▸ Given data:
------------------------------------------------------------------------
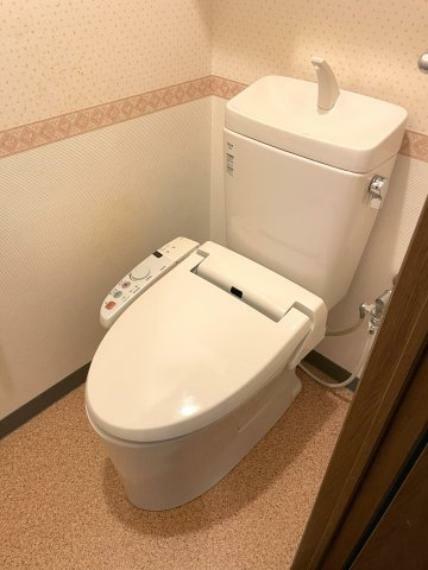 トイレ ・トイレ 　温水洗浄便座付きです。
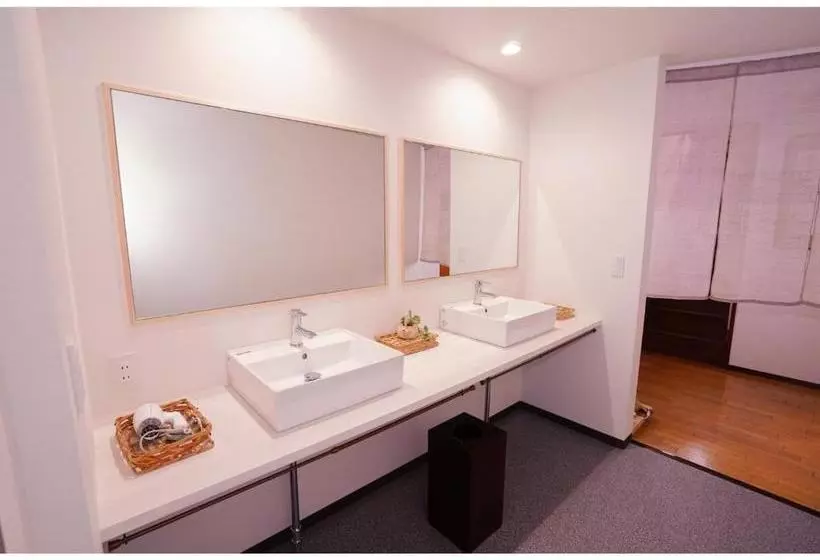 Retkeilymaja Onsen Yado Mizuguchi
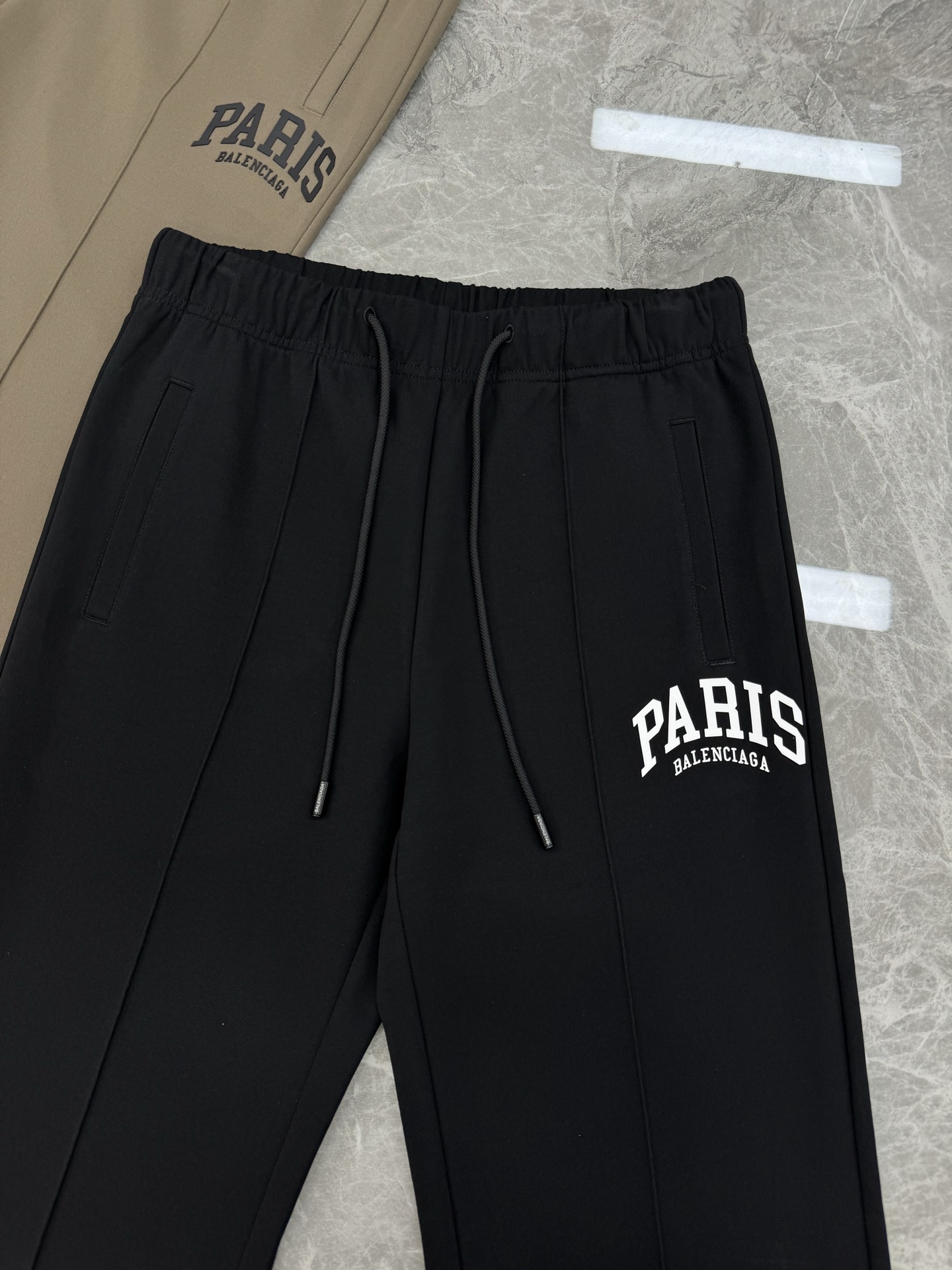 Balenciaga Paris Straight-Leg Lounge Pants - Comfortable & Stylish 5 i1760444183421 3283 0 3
------------------------------------------------------------------------
▸ Exercise objective: Write out again, word for word, the lines from the one holding "Retkeilymaja Onsen Yado Mizuguchi" through the final line of the listing, including both ends but no pictures.

▸ Written response:
 Retkeilymaja Onsen Yado Mizuguchi
 Balenciaga Paris Straight-Leg Lounge Pants - Comfortable & Stylish 5 i1760444183421 3283 0 3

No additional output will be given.